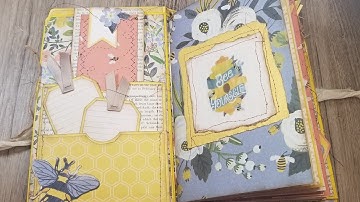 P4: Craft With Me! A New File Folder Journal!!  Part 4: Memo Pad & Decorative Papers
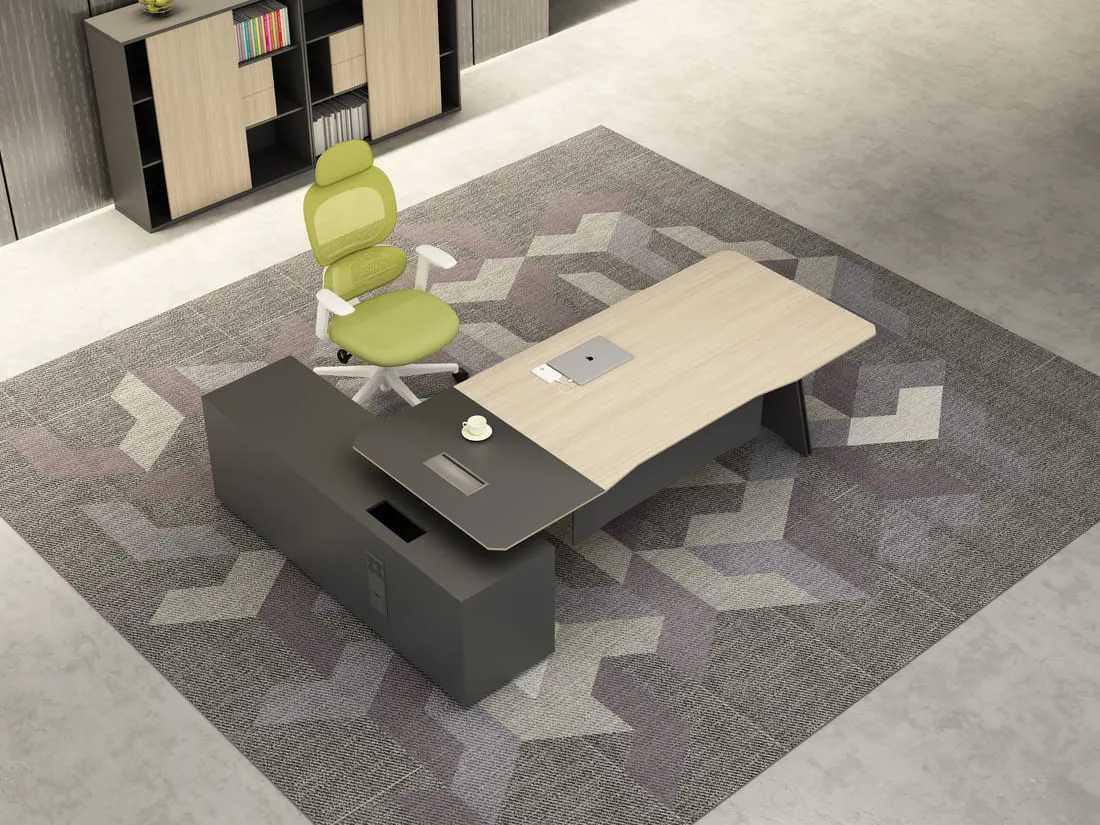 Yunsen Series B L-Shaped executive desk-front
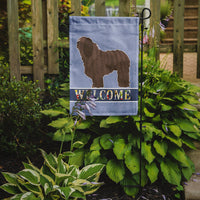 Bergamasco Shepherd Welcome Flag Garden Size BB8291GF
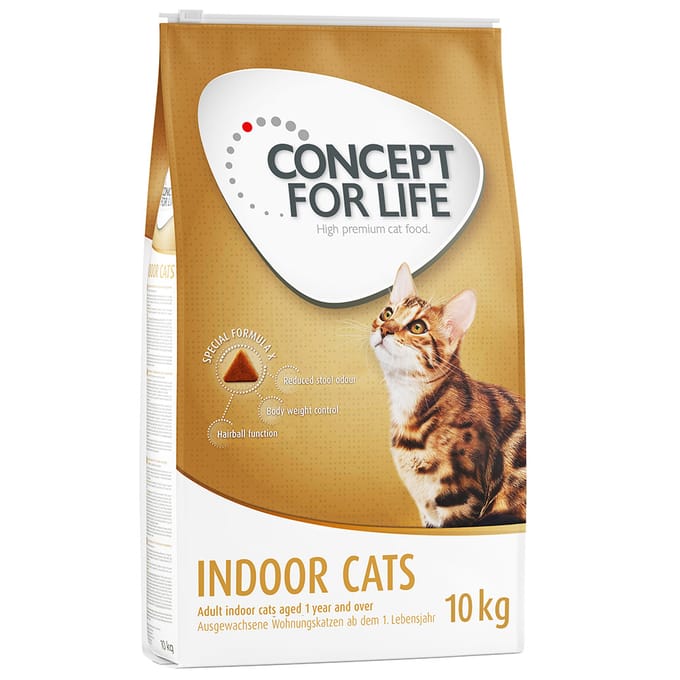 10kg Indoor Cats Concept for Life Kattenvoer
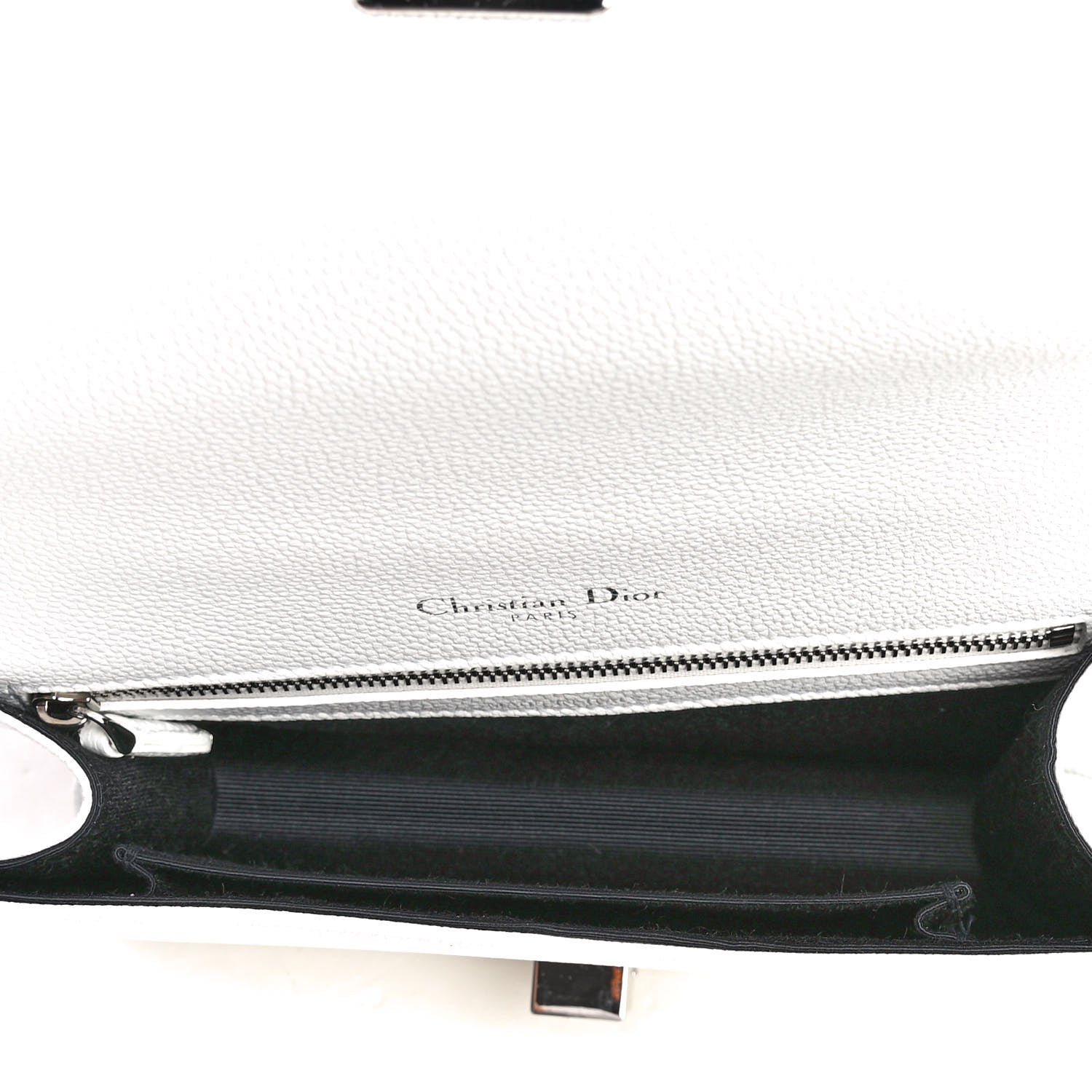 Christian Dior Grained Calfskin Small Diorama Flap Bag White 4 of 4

EXERCISE GOAL:
An exact copy of every record above is needed, with all pictures left out.

ANSWER FOR THE TASK:
 P4: Craft With Me! A New File Folder Journal!!  Part 4: Memo Pad & Decorative Papers
 Yunsen Series B L-Shaped executive desk-front
 Bergamasco Shepherd Welcome Flag Garden Size BB8291GF
 10kg Indoor Cats Concept for Life Kattenvoer
 Christian Dior Grained Calfskin Small Diorama Flap Bag White 4 of 4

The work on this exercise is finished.